Una sentanza della Corte di Cassazione che farà discutere, si rischia di non avere il mantenimento in questo caso
Le sentenze dei tribunali talvolta sembrano recepire i cambiamenti che avvengono nella società, cambiamenti di ordine culturale, comportamentale e di costume. Ma al tempo stesso devono rifarsi su una precisa base normativa, per cui l’interpretazione delle leggi e dei tempi può non essere sufficiente per giustificare una decisione del giudice. Per quanto riguarda la giurisprudenza e la legislazione in materia di divorzio e separazione, basta pensare all’evoluzione del mantenimento che non è più semplicemente uno strumento per mantenere il precedente tenore di vita.
Ma è diventato un modo per assicurare un contributo al coniuge che lo richiede di raggiungere un livello di reddito adeguato al contributo dato alla realizzazione della vita familiare. L’assegno di mantenimento ha quindi una funzione assistenziale in continuità con la convivenza e perequativa finalizzata al riconoscimento del contributo dato dal coniuge meno abbiente alla formazione del patrimonio della famiglie e dei coniugi stessi.
Mantenimento decisione della Cassazione
Quindi il mantenimento non ha funzione compensativa per i sacrifici fatti prima della separazione, né risarcitoria per compensare il coniuge dalle conseguenze negative della fine del rapporto di coppia. Questa premessa serve a inquadrare meglio una sentenza della Cassazione che certamente farà discutere in futuro. Secondo l’ordinanza numero 19502 la moglie che rifiuta di occuparsi delle faccende domestiche può perdere il diritto al mantenimento nel caso di cessazione del rapporto di coppia.
La decisione fa seguito al ricorso di un marito che si era opposto all’obbligo del mantenimento della moglie, responsabile di aver trascurato gli obblighi verso le faccende domestiche in virtù della sua nuova fede religiosa. La Cassazione ha accolto il ricorso del marito contro l’obbligo al mantenimento deciso nei gradi precedenti di giudizio, perché la moglie avrebbe “assunto un comportamento contrario ai doveri conseguenti al rapporto matrimoniale”.
Infatti, secondo il Codice civile tra gli obblighi matrimoniali c’è la convivenza, la fedeltà e il dovere di contribuzione con la cura dell’altro e della famiglia anche in proporzione alle proprie possibilità economiche e fisiche. Alla moglie non viene addebitata la separazione a causa dell’adesione alla nuova religione, ma al tempo stesso un credo religioso non può esprimersi in comportamenti in concorrenza con i doveri del coniuge.

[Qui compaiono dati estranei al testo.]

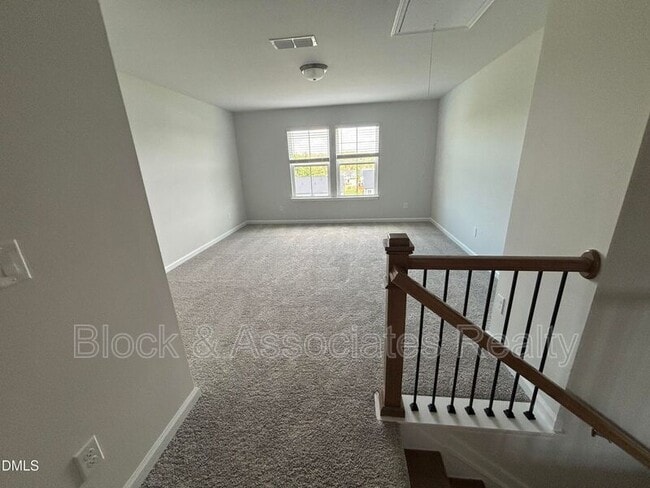 Building Photo - 3230 Pelican Ln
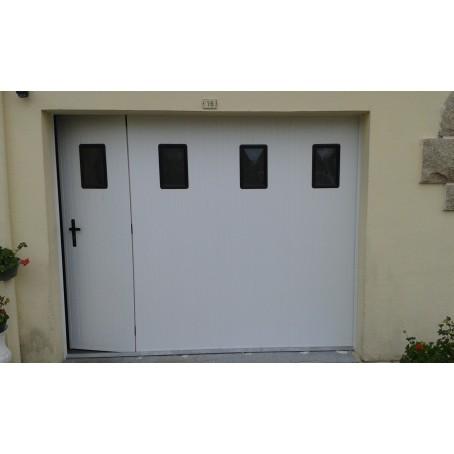 Porte de garage latérale coulissante en PVC - 2 vantaux - manuelle avec portillon intégré_0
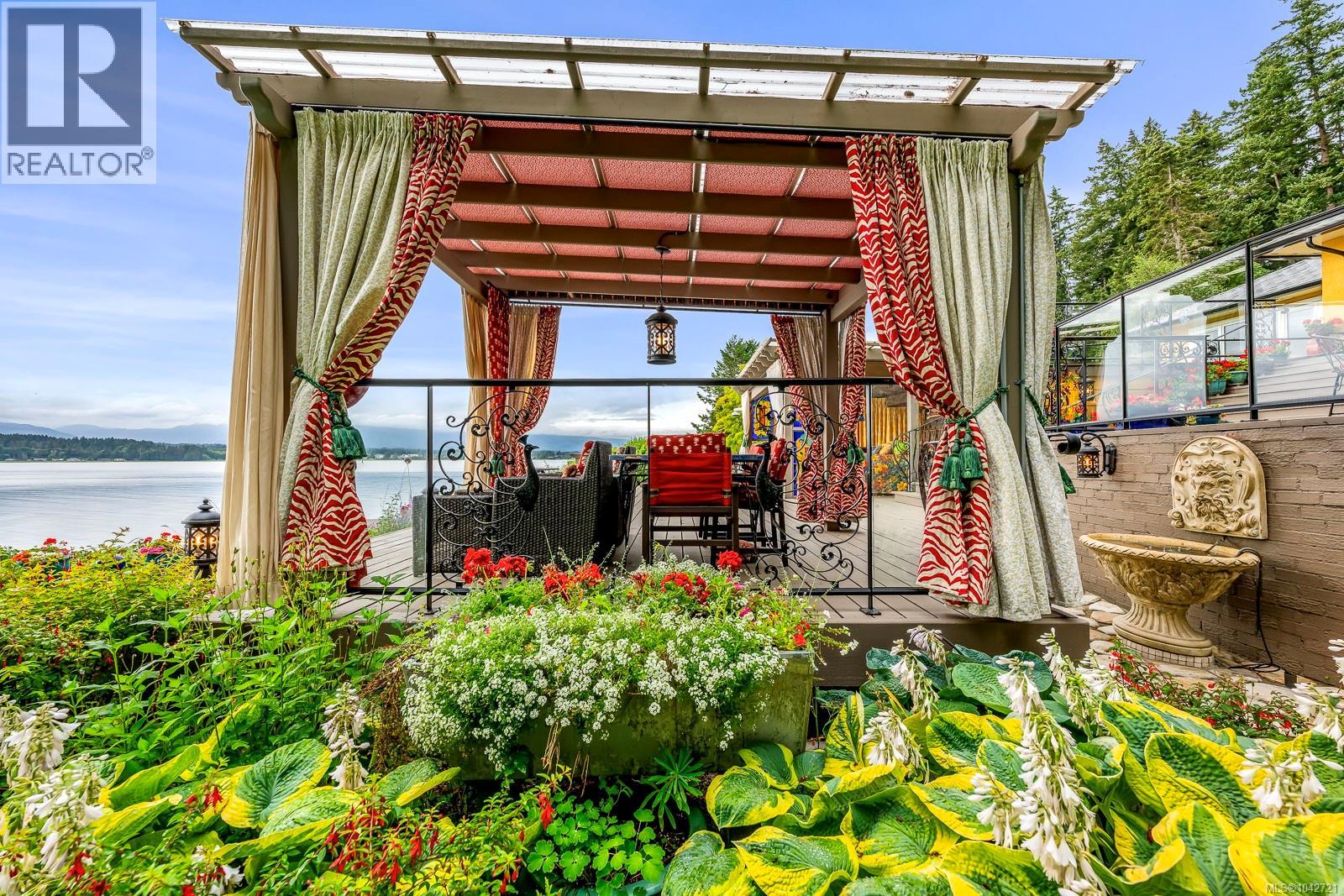 2299 Comox Ave - 80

Fede religiosa non in concorrenza con il matrimonio
Allo stesso modo la fede e la cultura non può essere una giustificazione per maltrattamenti verso il coniuge. I comportamenti di indifferenza verso il marito e verso la vita coniugale sono incompatibili con gli obblighi di assistenza e cura reciproca previsti dal codice civile nel matrimonio. La legge impone ad ambedue i coniugi l’assistenza e la cura della famiglia attraverso gli effetti del proprio lavoro o mediante le proprie attività fisiche e materiali.
Così un uomo che lavora e lascia senza risorse la famiglia o la moglie può essere condannato per lo stesso motivo. Insomma una sentenza che avrà degli strascichi e che farà di certo discutere, ma che potrebbe fare giurisprudenza e assumere una notevole importanza in futuro in circostanze simili di separazione o divorzio.